À l'issue des six extraits, l'animatrice analyse les mots et expressions qui ont été prononcés : expérience temporaire, dégénérer, secte, exclu, force de caractère, manipuler, raison d'être, dangereux, autorité, déresponsabiliser... "Moins vous êtes vigilants, plus vous pouvez vous laisser manipuler", conclut l'animatrice.
"Avec un atelier comme ça, on peut se projeter ! C'était hyper intéressant de voir jusqu'où certains peuvent aller, dans les réactions qu'on a eu dans la classe, commente Zoé. On est tous très influençables, et en politique, ce sont ceux qui parlent bien qui peuvent embrigader !"

Questionner l'actualité

Si certains parlent de "prise de conscience", d'autres ont été aussi ramenés à l'actualité par cet atelier. "C'était très fort cet atelier, ça a changé mon point de vue : je me suis dit que des régimes comme ceux d'Hitler ou de Mussolini pouvaient revenir. L'histoire est un cycle, et il y a toujours un moment où certains veulent l'extrémisme", estime Erwan, à chaud. Évidemment ça fait peur, pour moi ça pourrait se passer aujourd'hui : la peur généralisée, la perte de confiance en tout le monde..."

"Jouer sur les peurs, certains le font beaucoup", explique Malik. "C'est sûr que si l'extrême-droite passait au pouvoir en France, ça pourrait se passer comme ça, avec plus de racisme encore, car l'humain est faible", souligne Khalid, 17 ans. "Aujourd'hui, il y a plus de gens éduqués, on sait plus de choses, ce n'est pas dit que le pire arriverait", nuance Victor. "Chacun peut avoir son opinion, mais forcer les gens à s'y soumettre, par la peur, c'est terrible, renchérit Zoé.
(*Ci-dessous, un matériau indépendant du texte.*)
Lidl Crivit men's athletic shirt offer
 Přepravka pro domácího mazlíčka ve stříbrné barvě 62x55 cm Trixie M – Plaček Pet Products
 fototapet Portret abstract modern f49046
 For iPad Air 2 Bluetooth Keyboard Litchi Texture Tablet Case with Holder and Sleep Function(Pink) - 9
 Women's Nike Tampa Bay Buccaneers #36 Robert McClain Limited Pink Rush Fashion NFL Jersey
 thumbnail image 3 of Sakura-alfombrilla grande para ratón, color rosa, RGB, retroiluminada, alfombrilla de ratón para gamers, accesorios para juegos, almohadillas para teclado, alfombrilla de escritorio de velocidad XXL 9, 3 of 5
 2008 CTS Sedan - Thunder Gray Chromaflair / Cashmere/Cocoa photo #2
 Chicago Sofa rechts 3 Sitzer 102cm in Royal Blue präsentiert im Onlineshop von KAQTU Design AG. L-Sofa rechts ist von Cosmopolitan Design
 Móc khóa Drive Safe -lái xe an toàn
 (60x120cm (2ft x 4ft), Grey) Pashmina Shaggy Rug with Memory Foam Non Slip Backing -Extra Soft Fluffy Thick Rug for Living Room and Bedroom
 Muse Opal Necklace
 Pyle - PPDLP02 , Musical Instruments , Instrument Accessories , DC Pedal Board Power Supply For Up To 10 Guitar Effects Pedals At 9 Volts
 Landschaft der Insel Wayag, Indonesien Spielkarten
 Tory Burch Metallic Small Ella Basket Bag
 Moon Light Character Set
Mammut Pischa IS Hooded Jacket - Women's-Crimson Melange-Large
Imputer aux étrangers nos problèmes et les laisser mourir dans la mer parce qu'ils sont étrangers, ce n'est pas normal ! S'il y avait une guerre, ça pourrait être nous !"

Pour l'enseignante, la conjonction de la visite avec l'entre-deux-tours de l'élection présidentielle, a ajouté une dimension. "Il y a des similitudes de notre époque avec les années 1930... Certains élèves peuvent être tentés par les idées de l'extrême-droite, et ici, ils réfléchissent ! Il n'est pas question d'imposer un point de vue mais de les amener à comprendre par eux-mêmes, à sentir les mécanismes, note Nadine Sanguedolce. Il y a sans conteste un avant et un après-visite ! À chaud, ils sont souvent sous le choc, mais plus optimistes après quelques jours !"

Un lieu de recherche historique au service de la vigilance

Si le contenu du mémorial-musée est garanti par un comité scientifique, le site du Camp des Milles est aussi un centre de recherche historique. La fondation du Camp des Milles, qui gère et développe le mémorial-musée, a publié récemment, à partir des travaux de recherche de l'équipe dirigée par Philippe Mossé (directeur de recherche émérite au CNRS), un indice d'Analyse et d'Alerte Républicaine et Démocratique (AARD) : il met en évidence une multiplication par 4, entre 1990 et 2015, des facteurs de risques et tensions qui menacent la démocratie. Une campagne citoyenne de sensibilisation "Fais le pour toi ! Résiste !" a été menée ces dernières semaines dans toute la France, notamment grâce à un bus qui a sillonné le pays.